A full opening of Cuba to US tourists is still likely to be some way off. That is because Congressional approval, always a difficult ask, is required to completely lift the US trade embargo. And then there are the outstanding multi-billion dollar reparations claims by US companies for assets seized by the Castro regime that have to be addressed.

“The Caribbean, the most tourism dependent region in the world, could use a good shaking up,” the CHTA paper said. “For decades, with few exceptions, it has relied on its natural advantages of sun, sand, sea, welcoming populations and, more than anything else, its relative proximity to the United States, the largest economy on earth, for much of its success.

“For decades, many Caribbean governments appear to have grudgingly accepted the employment and foreign exchange benefits delivered by their tourism economies but have not provided the kind of attention and support to tourism that could further reduce the crushingly high and debilitating levels of unemployment and national debt which often plague their countries.

“Relatively little effort has been spent on turning the most tourism dependent region in the world into the most tourism competent.
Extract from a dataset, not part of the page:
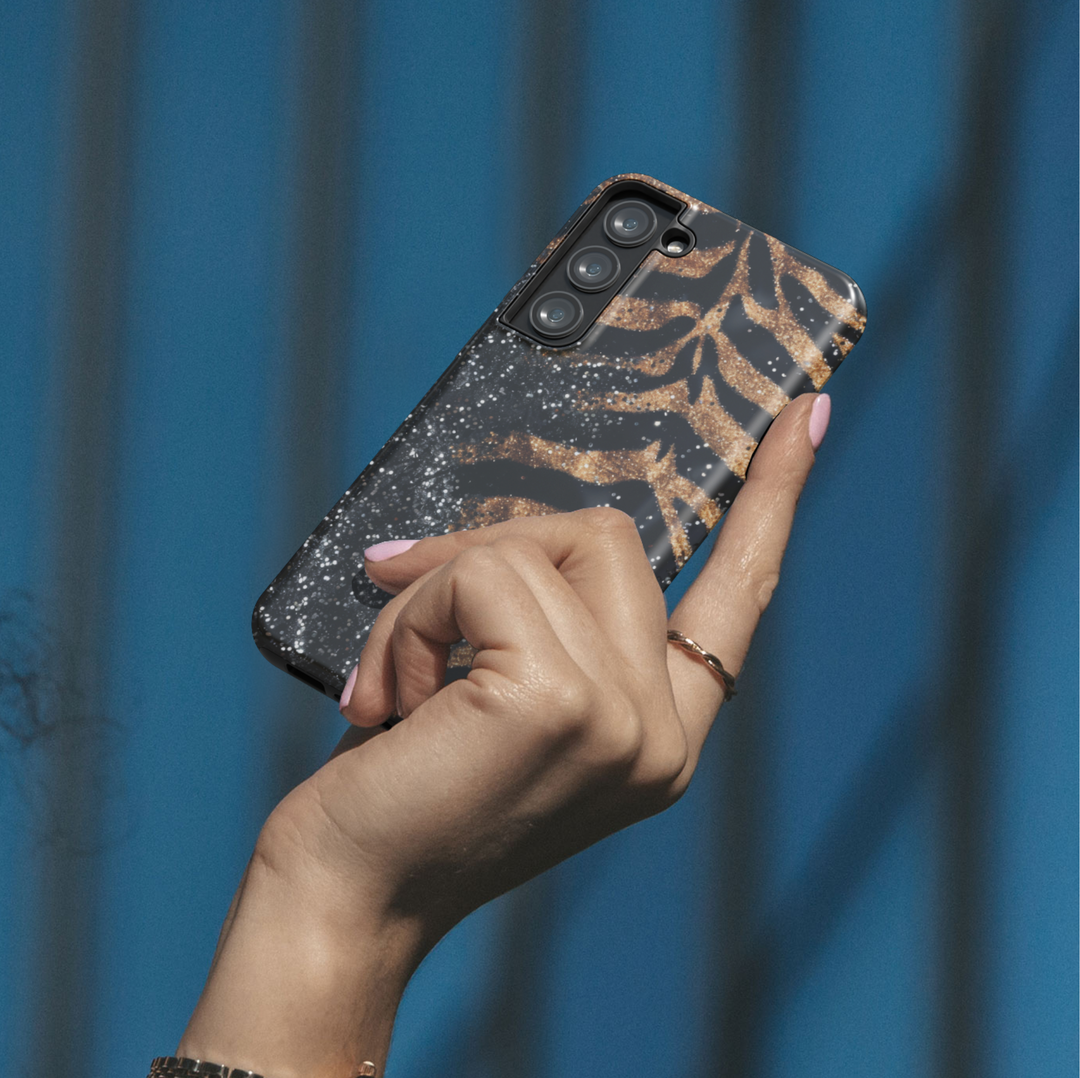 Black and gold leopard luxury phone case with glitter accents on a protective iPhone and Samsung Galaxy phone case for women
The coming Cuban disruption just might be the tonic that the countries need, individually and collectively, to build the kind of strategic approaches to tourism development that will yield sustainable results for its citizens.”

Emphasising that Cuba’s opening was as much an opportunity as a challenge for the Bahamas and other Caribbean nations, the CHTA said much would depend on whether the region could grow its tourism arrivals market as opposed to splitting it with the Communist nation.

As a result, it is calling for a Caribbean Basin Tourism Initiative (CBTI) to be agreed between the region and the US as a means of stimulating trade, investment and economic growth via the industry.

It would be modelled after the existing Caribbean Basin Initiative (CBI), the one-way trade preferences regime designed to boost commodities exports from the region into the US.

Frank Comito, the CHTA’s chief executive and director-general, said in a statement: “Taking advantage of the opportunities which are presented will require leadership and engagement by all stakeholders, and in our view the United States must return to the stewardship role it played in the region’s economic development several decades ago.

“The normalisation of US-Cuba relations can be the catalyst for advancing a new Caribbean tourism and economic development agenda.”

Mr Comito, who held the same post with the BHTA, added: “CHTA presents to the region’s public and private sector leaders, the US International Trade Commission and, by extension, to the US government, a single recommendation: The creation of a Caribbean Basin Tourism Initiative (CBTI). This would recognise tourism services as a way in which to support both Cuba and the region’s development.”